Ressurecting the Thurman Legacy for the Next Millennium
Black Issues in Higher Education, Nov 11, 1999 by Michele N-K Collison
At the entrance to Morehouse College, stand two monuments to two giants of the civil rights movement, Dr. Martin Luther King Jr. and Dr. Howard Thurman.
King's legacy looms large in the nation's memory. But while Thurman was a confidant to King and is widely considered to be the intellectual and spiritual architect of the civil rights movement, the history books have all but forgotten him.
"Thurman is from the underside of history," says Dr. Walter E. Fluker, director of the Thurman Papers Project at Morehouse. "No one talks about Thurman being a major player in American life because he was one of the great souls who happen to be in Black skin, but he was just as formidable."
Now as the college prepares to celebrate Thurman's centennial with a conference devoted to his career, the scholar is about to be rescued from obscurity. Scholars have begun to do critical work on Thurman, just as public figures like authors Iyanla Vanzant, Maya Angelou, Alice Walker and tennis star Arthur Ashe began introducing Thurman to a new generation a couple of decades ago.
"There is a confluence of interest in spirituality and a specific interest in Thurman that converges at the end of the millenium," Fluker says. "Thurman is the holy man for then new millenium."
Fluker and co-editor Catherine Tumber have catalogued more than 50,000 of Thurman's unpublished sermons, writing articles and correspondence into a database that soon will be made available to scholars. Thurman's writings will be published in a three-volume edition called The Sound of the Genuine to be published by the University of South Carolina Press in 2001. And filmmaker Arleigh Prelow has produced a full-length documentary titled Howard Thurman": In Search of Common Ground.

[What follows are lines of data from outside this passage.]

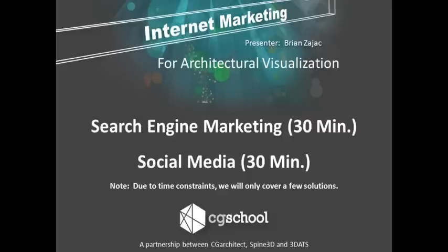Due to time constraints, we'll only be able to cover a few solutions. There are many others out there like email marketing and other ways to communicate that we just don't have time to cover. If you want to see the different things we don't cover today, make sure to check out the Internet Marketing class on thecgschool.com.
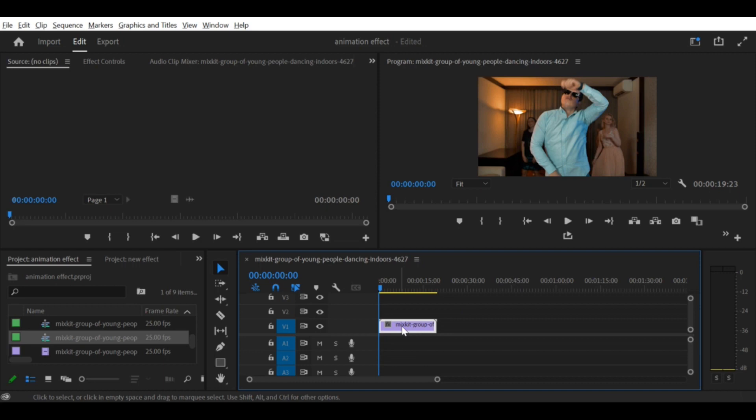Step 5. Change the field order. In the Interpret Footage window under the Field Order section, change the field order from upper to lower. This will tell Premiere Pro to de-interlace your footage.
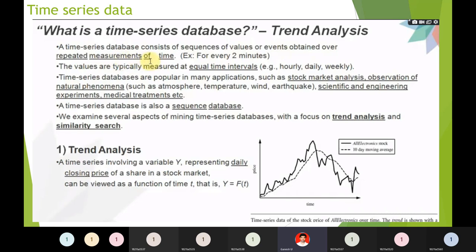A time series involves a variable Y representing, for example, the daily closing price of a share in a stock market. Within a fraction of seconds, you observe a lot of changes. The time series can be viewed as a function y = f(t), where t is time.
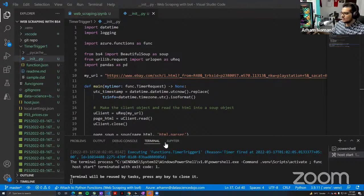Alex asks: what approach would you take for scraping a messier website where the class names aren't necessarily the same?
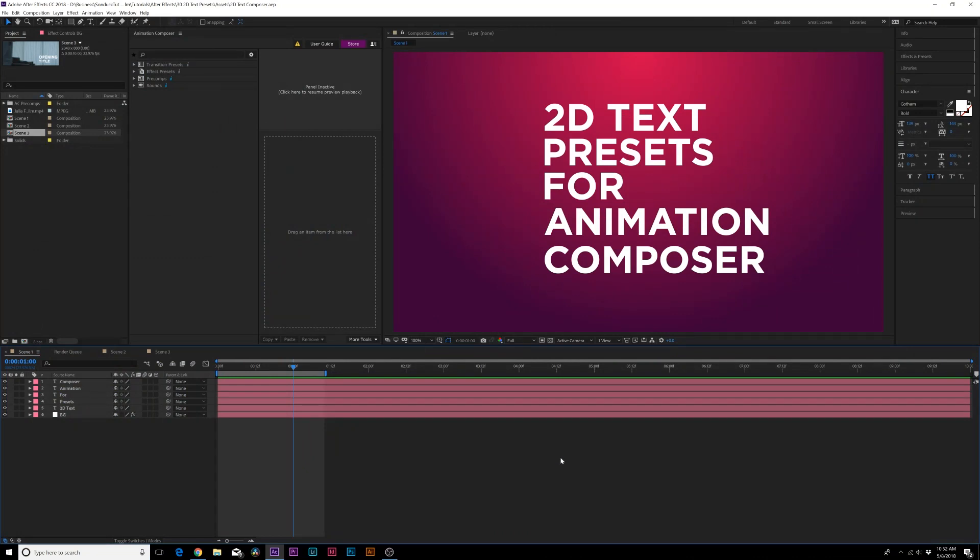Hey what's going on internet, this is Josh Noel from Sunduck Film. In this After Effects video we're going to review a plugin called Animation Composer and look at 2D text presets for the plugin.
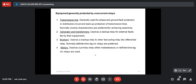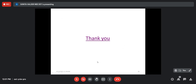Equipment protected by overcurrent relay includes transmission lines, generators, transformers, bus bars, and motors. However, for transformer winding protection, we cannot use overcurrent relay. If there is a fault within the transformer winding itself, the current entering and leaving may appear normal on one side but abnormal on the other. For internal winding faults, we need differential relay — which compares current entering and leaving the winding to detect differences indicating an internal fault.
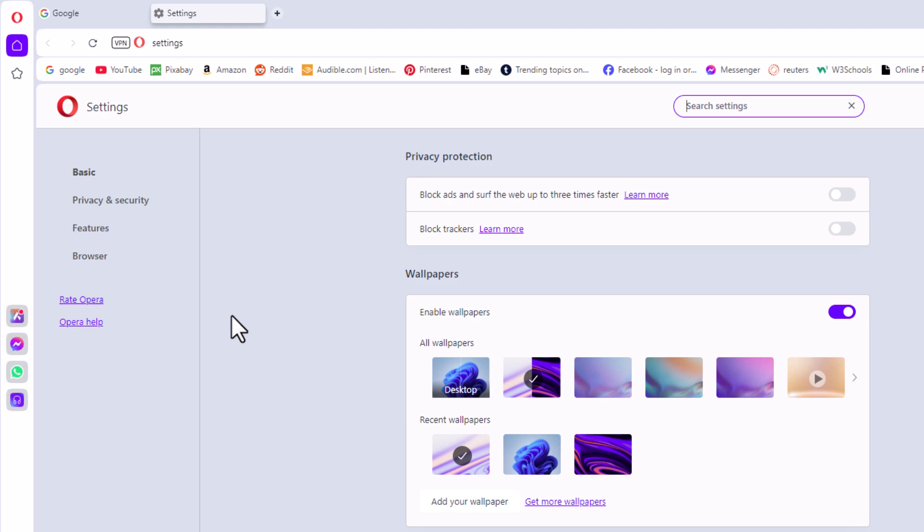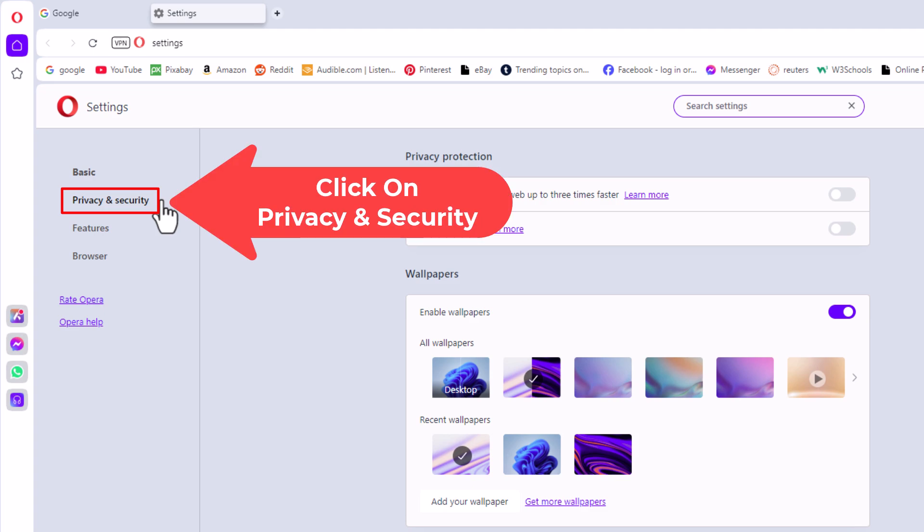Now in the pane off to the left hand side here I'm going to click on privacy and security.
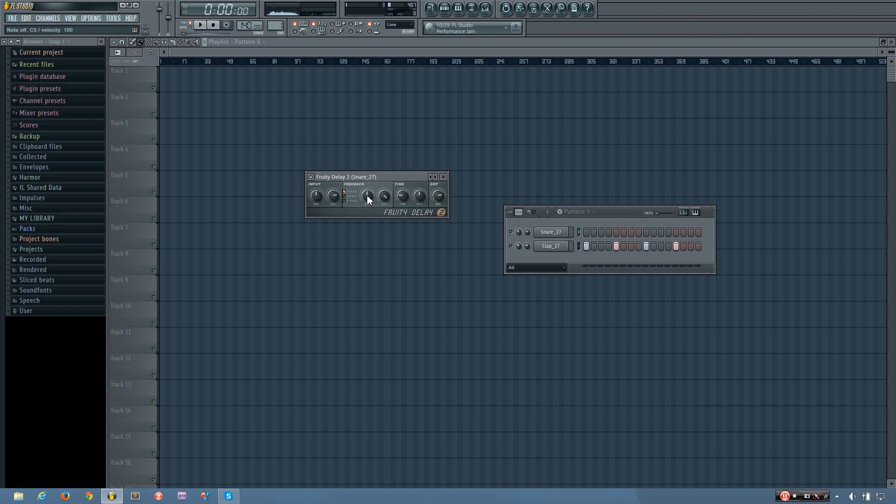But if I turn the feedback volume down, you'll hear a bigger change in volume between each delay. Now the first delay stays on volume with this here. So if I want the first delay to be softer, I can turn it down here.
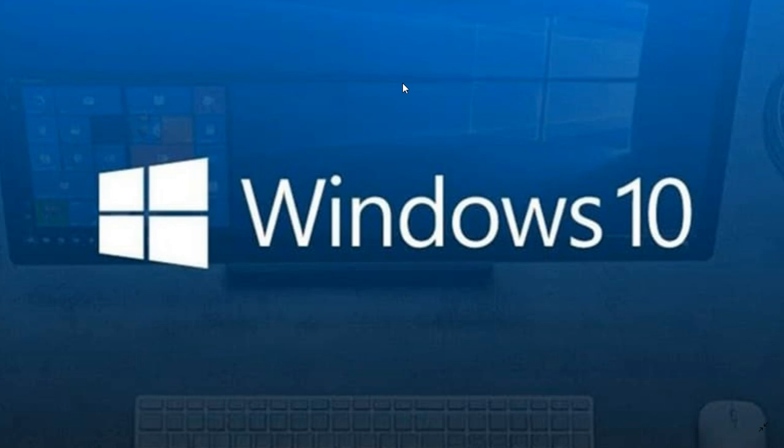Creators Update, Fall Creators Update were pretty good. April 2018 Update, April and October 2018 Update were a little more buggy. And they are taking their time now. They really tested the last version, 1903, much more than the other versions before.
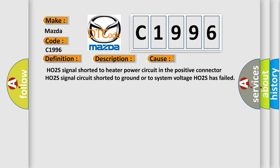This diagnostic error occurs most often in these cases: HO2S signal shorted to heater power circuit in the positive connector, HO2S signal circuit shorted to ground or to system voltage, HO2S has failed.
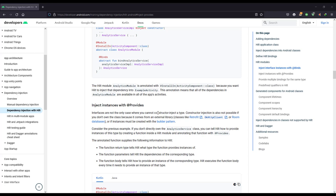The next thing we have to do is provide a dependency using the @Provides annotation. Previously we saw how to use the @Binds annotation, so now let's see how to use @Provides. An interface is not the only case where you cannot do constructor injection — third-party libraries like Retrofit and Room are cases where we don't have access to the constructor, so we need a way to provide dependencies for those external library classes.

In recent years, books about spirituality have vaulted to the tops of best-selling lists, including one written by the Dali Lama. Talk-show host Oprah Winfrey regularly devotes shows to authors of these books, encouraging audiences to get in touch with their spiritual selves. Fluker says he believes these are signs that people are desperately searching for some meaning in their lives. He cautions, however, that Thurman would not appreciate being considered the next New Age guru.
"The ideas many New Age gurus are talking about are themes Thurman has been thinking about since the `30s," he says. Moreover, he says many of the new books are self-help guides masquerading as spirituality. "It's more flash than depth. The hard questions are not of prosperity or of economic well being. Thurman spoke more to the eternal question of what am I here for? What is my calling?"

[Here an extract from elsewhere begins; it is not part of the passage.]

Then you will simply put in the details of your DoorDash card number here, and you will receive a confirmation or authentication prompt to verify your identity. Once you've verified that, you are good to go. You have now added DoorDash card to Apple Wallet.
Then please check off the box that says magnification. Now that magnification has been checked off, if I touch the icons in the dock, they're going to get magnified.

While new spirituality offers a "quick fix," Thurman is hard for people to get into, Fluker says. His challenge is to "translate Thurman to get out him out of the catacombs and allow him to speak to a wider audience."

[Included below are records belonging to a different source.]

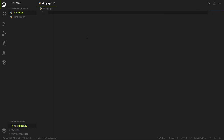Hi guys, this is the second video in the Python series and today we're going to be learning about strings. The first question we should ask is: what are strings? Strings, simply explained, are a group of letters that are linked together. I'm going to jump straight into examples, so to assign strings in Python you would simply do it like this.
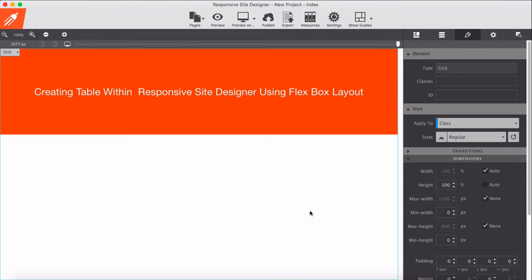In one of my earlier videos, I made a table with site designer using a different method, but in this demo I'm going to use subgrid.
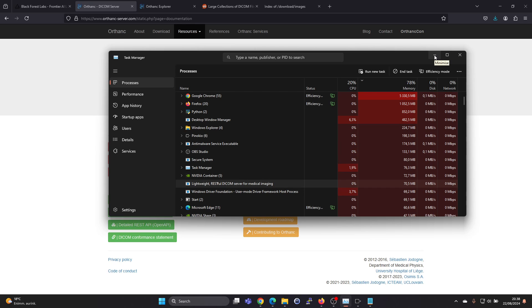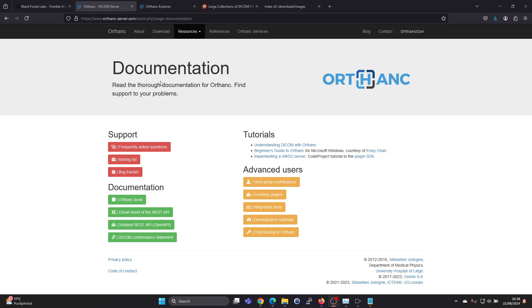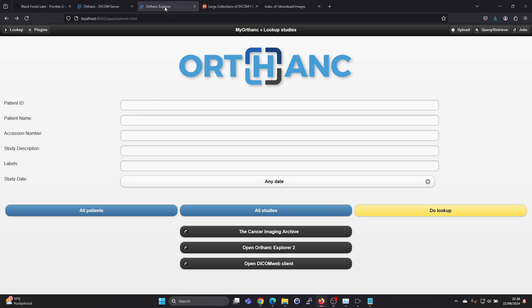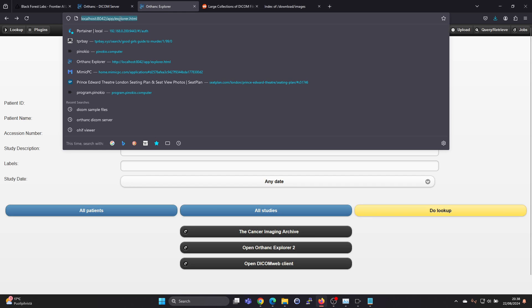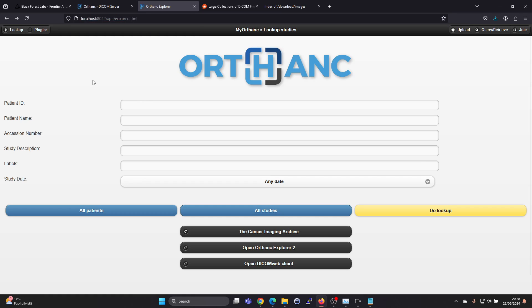And the actual user interface is a web user interface. So in the start menu you should find a link for Orthanc Explorer. And this is the address localhost port 8042. And here you will find the user interface.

To that end, Morehouse has created a Center for Leadership to create a curriculum for ethical leadership training for a new generation of scholars and youth.
A Life of Activism and Faith
Thurman was born in the segregated town of Daytona, Fla. in 1899. Raised and ordained in the Baptist church, he was educated at Morehouse College and Rochester Theological Seminary. In 1929, Thurman returned to Morehouse as a professor of religion. While he was dean of Howard University's Rankin Chapel, Thurman and other Black intellectuals, such as former Howard President Mordecai Wyatt Johnson and Franklin Frazier, served as advisors to the civil rights movement in the 1930s.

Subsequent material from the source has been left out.